The team never imagined it would called on to help lend insights about another world. “This is one of the most exciting times in my scientific career,” said Campbell, a U of G professor for 36 years.
The U of G researchers became involved through scientists from the Max Planck Institute for Chemistry in Mainz, Germany, who built the rover’s alpha particle X-ray spectrometer. The device identifies the chemical components in rock and soil by bombarding a sample with alpha particles and X-rays, then detecting the characteristic X-rays bouncing back from the surface (the nickname for its precursor on the Mars Pathfinder was “the sniffer”).
It takes sophisticated software back here on Earth to interpret the results, and the German group is turning to the U of G software. John Maxwell, a Guelph software consultant who works with Campbell, has been refining the computer package to process the results beamed back from the rover.
Melissa Omand, a U of G physics graduate working under Campbell – with the help of physics professors Bernie Nickel and Joanne O’Meara – undertook a major computer simulation effort to predict exactly what the rover’s sniffer should “see” when exposed to a particular type of rock. The device sends back chemical signatures for such elements as sodium and iron in the soil and rocks. The simulation results were delivered to Germany last week.

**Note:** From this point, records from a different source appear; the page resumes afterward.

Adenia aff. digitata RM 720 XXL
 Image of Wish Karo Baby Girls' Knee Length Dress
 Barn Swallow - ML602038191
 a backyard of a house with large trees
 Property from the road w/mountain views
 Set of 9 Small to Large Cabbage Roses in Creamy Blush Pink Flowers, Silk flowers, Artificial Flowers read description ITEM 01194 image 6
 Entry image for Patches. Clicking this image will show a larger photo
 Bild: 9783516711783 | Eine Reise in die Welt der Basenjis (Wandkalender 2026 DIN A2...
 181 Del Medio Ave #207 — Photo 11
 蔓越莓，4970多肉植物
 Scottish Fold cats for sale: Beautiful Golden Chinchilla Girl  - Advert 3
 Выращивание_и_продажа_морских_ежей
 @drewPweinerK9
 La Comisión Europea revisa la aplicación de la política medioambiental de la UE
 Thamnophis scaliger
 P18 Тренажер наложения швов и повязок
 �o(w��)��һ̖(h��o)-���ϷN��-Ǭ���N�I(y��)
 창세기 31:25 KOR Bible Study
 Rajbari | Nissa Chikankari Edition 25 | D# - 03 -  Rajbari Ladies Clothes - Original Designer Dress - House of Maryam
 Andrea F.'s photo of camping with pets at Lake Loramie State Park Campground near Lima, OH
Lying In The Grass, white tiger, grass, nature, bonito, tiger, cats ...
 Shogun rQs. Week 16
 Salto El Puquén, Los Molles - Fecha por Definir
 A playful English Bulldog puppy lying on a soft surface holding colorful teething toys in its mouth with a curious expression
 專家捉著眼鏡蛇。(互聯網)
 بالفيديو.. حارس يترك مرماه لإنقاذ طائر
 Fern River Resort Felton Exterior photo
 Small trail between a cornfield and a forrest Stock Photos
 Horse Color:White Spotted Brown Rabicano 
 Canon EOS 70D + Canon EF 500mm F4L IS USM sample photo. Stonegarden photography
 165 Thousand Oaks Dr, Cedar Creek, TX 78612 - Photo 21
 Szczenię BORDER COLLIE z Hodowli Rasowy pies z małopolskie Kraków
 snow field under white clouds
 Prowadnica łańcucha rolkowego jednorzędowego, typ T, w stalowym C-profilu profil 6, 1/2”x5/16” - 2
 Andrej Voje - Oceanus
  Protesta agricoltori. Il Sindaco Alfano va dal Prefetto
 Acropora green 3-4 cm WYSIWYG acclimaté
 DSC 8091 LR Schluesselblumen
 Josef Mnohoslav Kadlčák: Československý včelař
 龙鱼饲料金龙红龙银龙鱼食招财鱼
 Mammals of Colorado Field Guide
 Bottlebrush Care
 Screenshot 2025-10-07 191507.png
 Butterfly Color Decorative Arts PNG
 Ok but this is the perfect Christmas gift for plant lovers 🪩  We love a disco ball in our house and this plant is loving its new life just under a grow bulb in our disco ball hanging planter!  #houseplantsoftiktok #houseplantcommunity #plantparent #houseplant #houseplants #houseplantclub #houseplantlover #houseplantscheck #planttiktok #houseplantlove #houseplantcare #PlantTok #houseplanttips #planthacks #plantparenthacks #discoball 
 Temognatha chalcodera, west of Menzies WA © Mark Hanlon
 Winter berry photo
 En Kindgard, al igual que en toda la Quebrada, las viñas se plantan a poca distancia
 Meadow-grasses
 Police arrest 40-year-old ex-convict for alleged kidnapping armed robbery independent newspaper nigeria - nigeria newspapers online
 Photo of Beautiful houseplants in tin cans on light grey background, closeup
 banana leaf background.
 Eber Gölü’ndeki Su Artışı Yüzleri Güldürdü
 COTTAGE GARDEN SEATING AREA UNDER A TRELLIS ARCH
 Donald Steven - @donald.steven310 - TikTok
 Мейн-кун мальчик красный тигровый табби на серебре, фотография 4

“Our newly modified Guelph software is the most accurate means to interpret these signatures and gives them a good handle on the elements,” Campbell said. “We’re trying to refine the software now so that features from water can be analyzed more accurately. Can we simulate the scatter effects and predict the results you’d get if there was water in the rock?”
Based on promising results from their simulations, Campbell said the software will help NASA scientists make more refined data analysis, especially as they continue searching for signs of water on Mars.